Let’s download our data from a comparative study of murine lymph nodes, comparing wild-type with a stimulation after injection of a mycobacteria. We have at disposal a 10x Visium dataset as well as a matching scRNA-seq dataset from the same tissue.
url1 = "https://github.com/romain-lopez/DestVI-reproducibility/blob/master/lymph_node/deconvolution/ST-LN-compressed.h5ad?raw=true"
url2 = "https://github.com/romain-lopez/DestVI-reproducibility/blob/master/lymph_node/deconvolution/scRNA-LN-compressed.h5ad?raw=true"

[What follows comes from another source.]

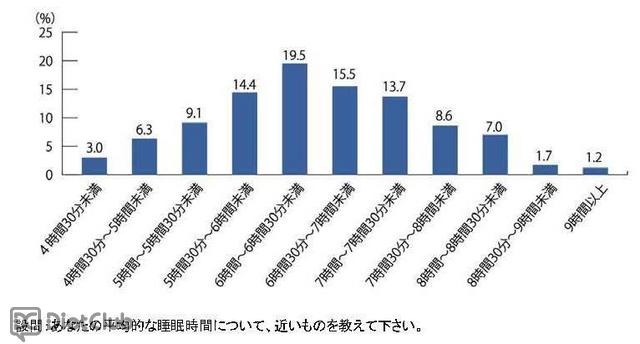 平均的な睡眠時間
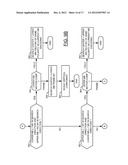 MOTION VECTOR REFINEMENT FOR MPEG-2 TO H.264 VIDEO TRANSCODING diagram and image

out1 = "data/ST-LN-compressed.h5ad"
out2 = "data/scRNA-LN-compressed.h5ad"
Data loading & processing#
First, let’s load the single-cell data. We profiled immune cells from murine lymph nodes with 10x Chromium, as a control / case study to study the immune response to exposure to a mycobacteria (refer to our paper for more info). We provide the preprocessed data from our reproducibility repository: it contains the raw counts (DestVI always takes raw counts as input).
sc_adata = sc.read(out2, backup_url=url2)

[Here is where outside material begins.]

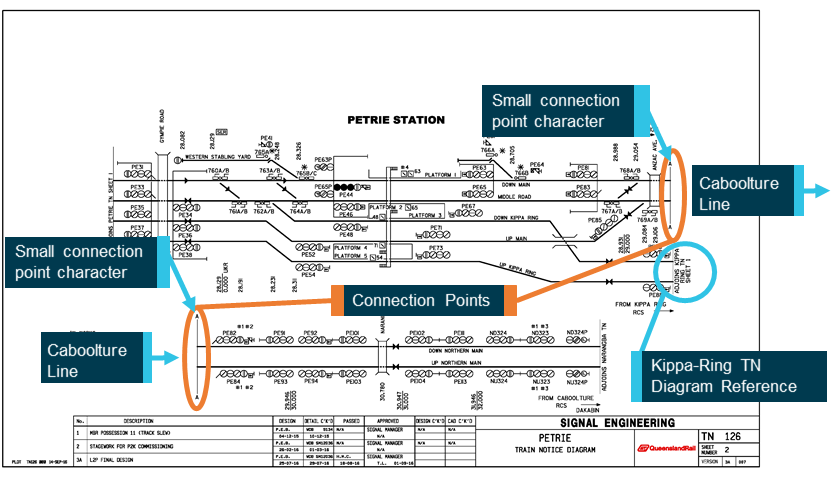 Figure 15: Train Notice Diagram TN 126, for Petrie Station.
Source: Queensland Rail, annotated by ATSB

We clustered the single-cell data by major immune cell types. DestVI can resolve beyond discrete clusters, but need to work with an existing level of clustering. A rule of thumb to keep in mind while clsutering is that DestVI assumes only a single state from each cell type exists in each spot. For example, resting and inflammed monocytes cannot co-exist in one unique spot according to our assumption. Users may cluster their data so that this modeling assumption is as accurate as possible.
# let us filter some genes
G = 2000
sc.pp.filter_genes(sc_adata, min_counts=10)

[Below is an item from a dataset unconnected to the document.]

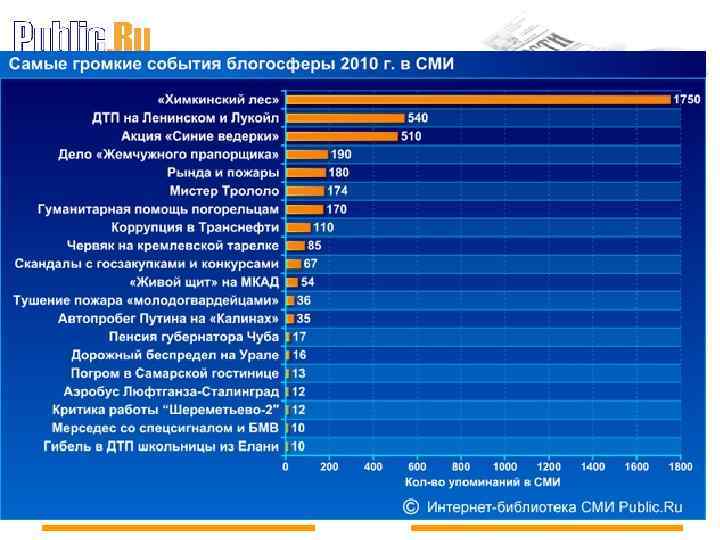 Интернет-библиотека СМИ +7 (495) 980 06 86 | Letters@public. ru 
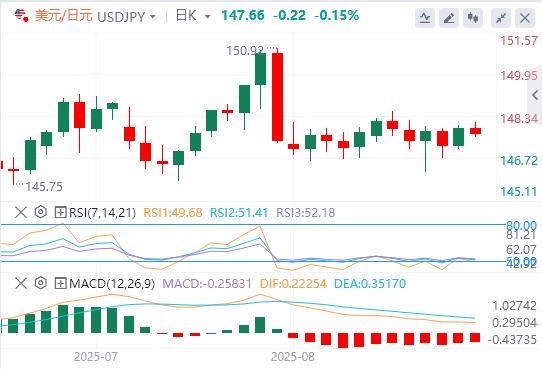 The dollar index consolidates around 98, traders wait for more Fed rate cut signals(图3)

sc_adata.layers["counts"] = sc_adata.X.copy()
sc.pp.highly_variable_genes(
sc_adata, n_top_genes=G, subset=True, layer="counts", flavor="seurat_v3"
)
sc.pp.normalize_total(sc_adata, target_sum=10e4)
sc.pp.log1p(sc_adata)
sc_adata.raw = sc_adata
Now, let’s load the spatial data and choose a common gene subset. Users will note that having a common gene set is a prerequisite of the method.
st_adata = sc.read(out1, backup_url=url1)
st_adata.layers["counts"] = st_adata.X.copy()
st_adata.obsm["spatial"] = st_adata.obsm["location"]
sc.pp.normalize_total(st_adata, target_sum=10e4)
sc.pp.log1p(st_adata)
st_adata.raw = st_adata
# filter genes to be the same on the spatial data
intersect = np.intersect1d(sc_adata.var_names, st_adata.var_names)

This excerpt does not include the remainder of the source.